» YOUR OBJECTIVE
The records that follow must be reproduced in full, with every picture excluded.

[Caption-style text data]
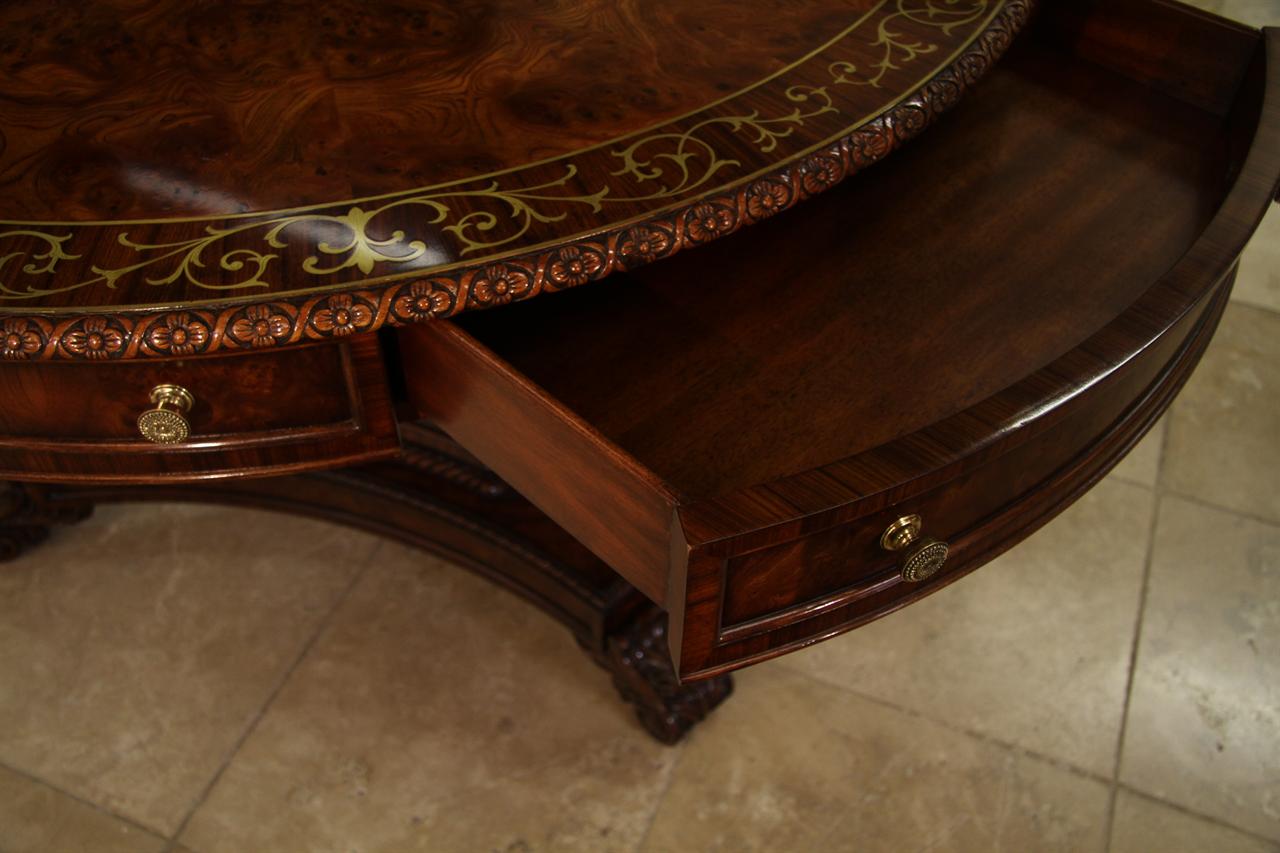Mahogany Center Table with Elm Burl and Brass Floral Inlay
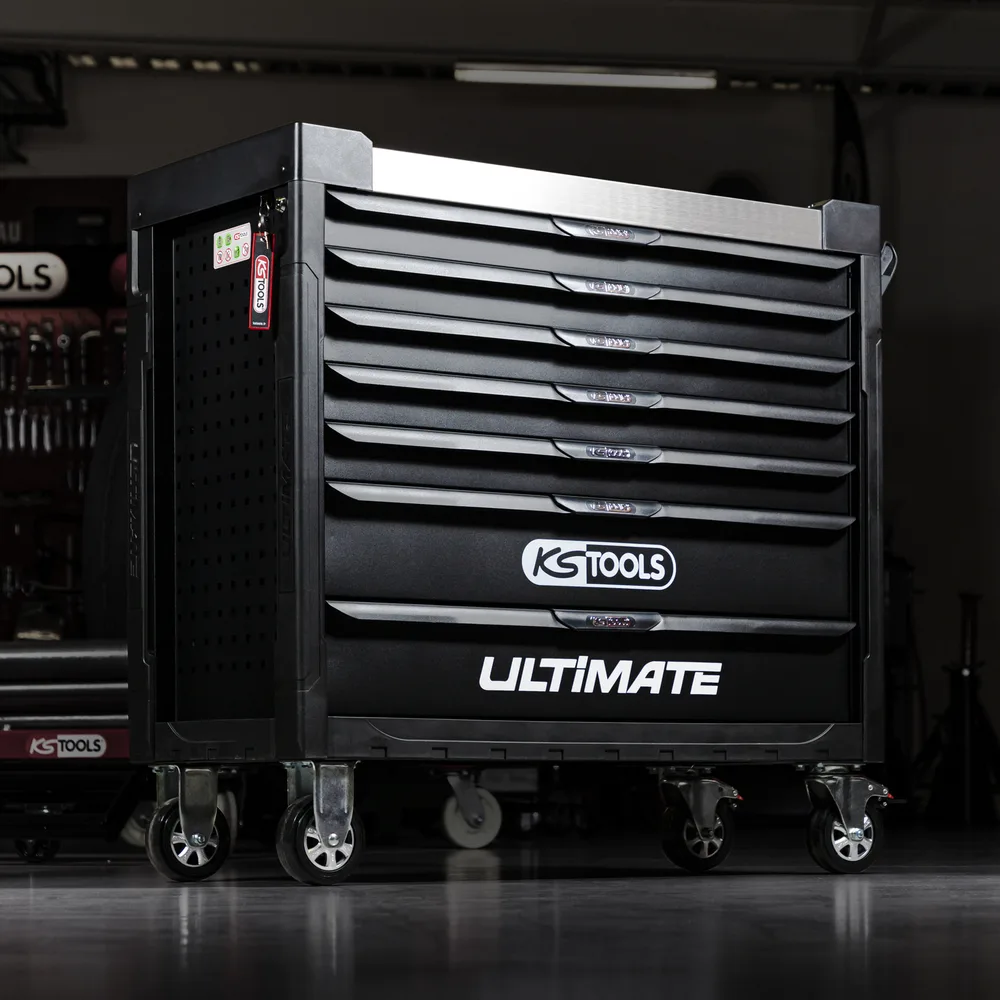 Prázdny dielenský vozík ULTIMATE XL, čierny, 7 zásuviek KS Tools 825.0007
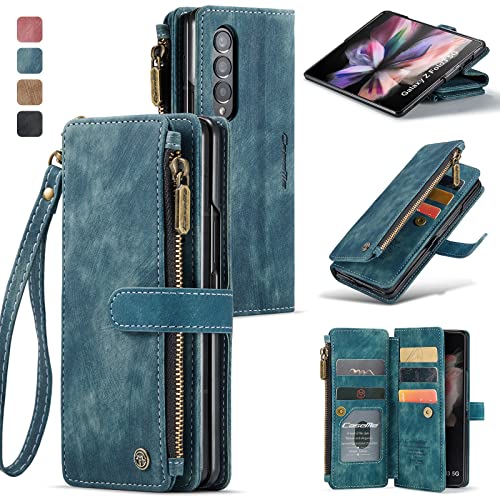 for Samsung Galaxy Z Fold 3 Wallet Case with 5 Card Holder Slots Magnetic Zipper Pocket Pouch Flip KicStand Durable Premium Leather PU with Lanyard St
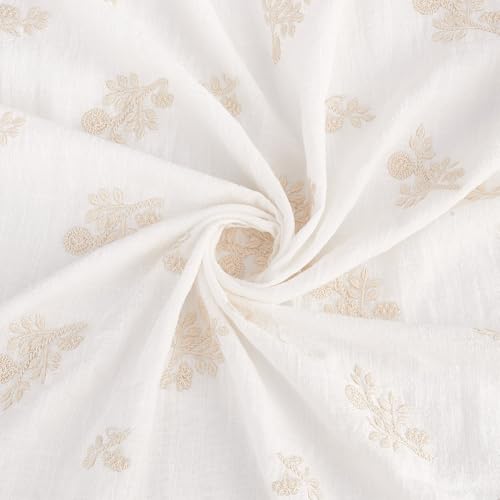 OLYCRAFT 55x79 Inch Floral Cotton Embroidered Fabric White Flower Linen Fabric Vintage Floral Fabrics Flower Embroidered Fabrics for Quilting Sewing DIY Art Crafting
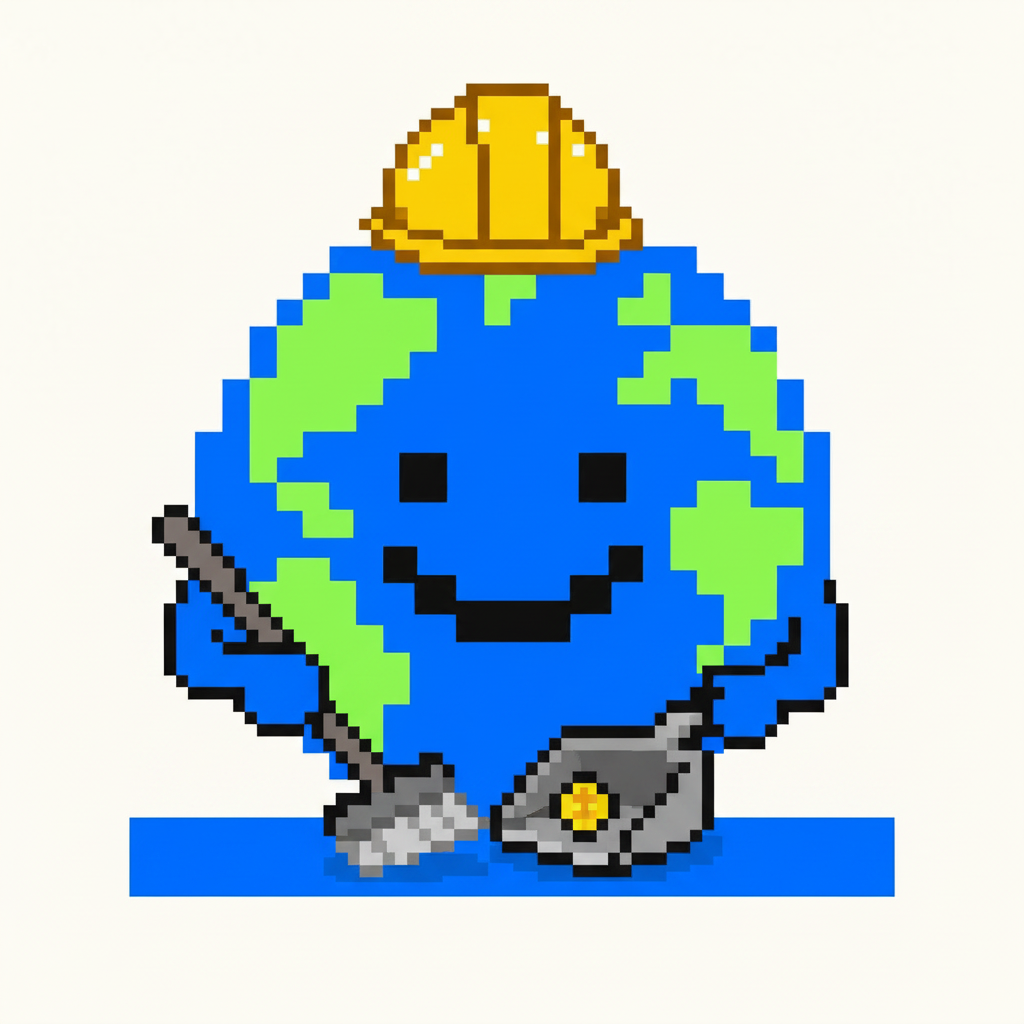 Mascot, wearing a tiny construction helmet, meticulously sweeping a single, microscopic gold coin into a dustpan.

» TASK RESULT
Mahogany Center Table with Elm Burl and Brass Floral Inlay
 Prázdny dielenský vozík ULTIMATE XL, čierny, 7 zásuviek KS Tools 825.0007
 for Samsung Galaxy Z Fold 3 Wallet Case with 5 Card Holder Slots Magnetic Zipper Pocket Pouch Flip KicStand Durable Premium Leather PU with Lanyard St
 OLYCRAFT 55x79 Inch Floral Cotton Embroidered Fabric White Flower Linen Fabric Vintage Floral Fabrics Flower Embroidered Fabrics for Quilting Sewing DIY Art Crafting
 Mascot, wearing a tiny construction helmet, meticulously sweeping a single, microscopic gold coin into a dustpan.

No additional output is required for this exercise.